== Raw data ==
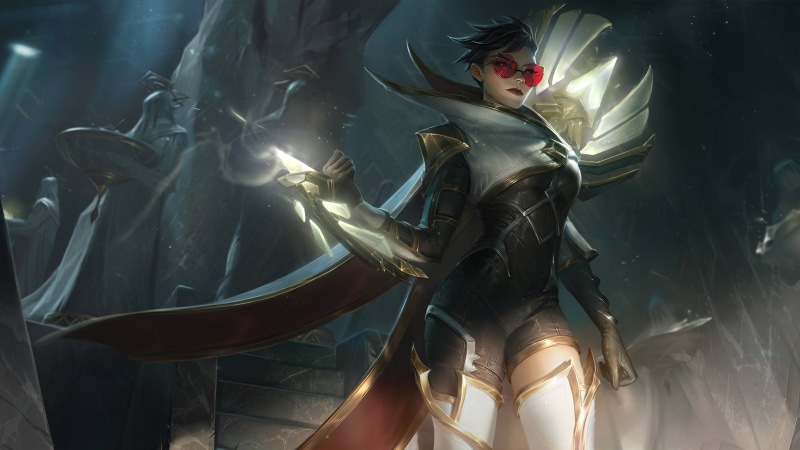 Riot Games, Vayne (League of Legends), ADC, Vayne, League of Legends, Adcarry, 4K, 8K, digital art, Sentinel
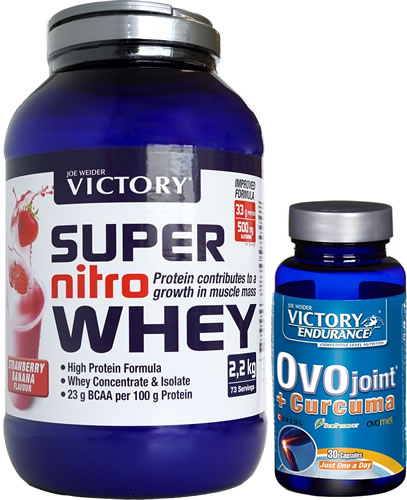 Pack Victory Super Nitro Whey 2.2 kg + Ovo Joint + Curcuma - cuidado Articulaciones 30 caps Pack Victory Super Nitro Whey 2.2 kg + Ovo Joint + Curcuma - cuidado Articulaciones 30 caps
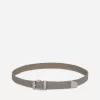 Braided Leather Trimmed Belt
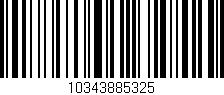 Código de barras (EAN, GTIN, SKU, ISBN): '10343885325'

== Exercise objective ==
Write out all the material above exactly, with no image carried over.

== Exercise result ==
 Riot Games, Vayne (League of Legends), ADC, Vayne, League of Legends, Adcarry, 4K, 8K, digital art, Sentinel
 Pack Victory Super Nitro Whey 2.2 kg + Ovo Joint + Curcuma - cuidado Articulaciones 30 caps Pack Victory Super Nitro Whey 2.2 kg + Ovo Joint + Curcuma - cuidado Articulaciones 30 caps
 Braided Leather Trimmed Belt
 Código de barras (EAN, GTIN, SKU, ISBN): '10343885325'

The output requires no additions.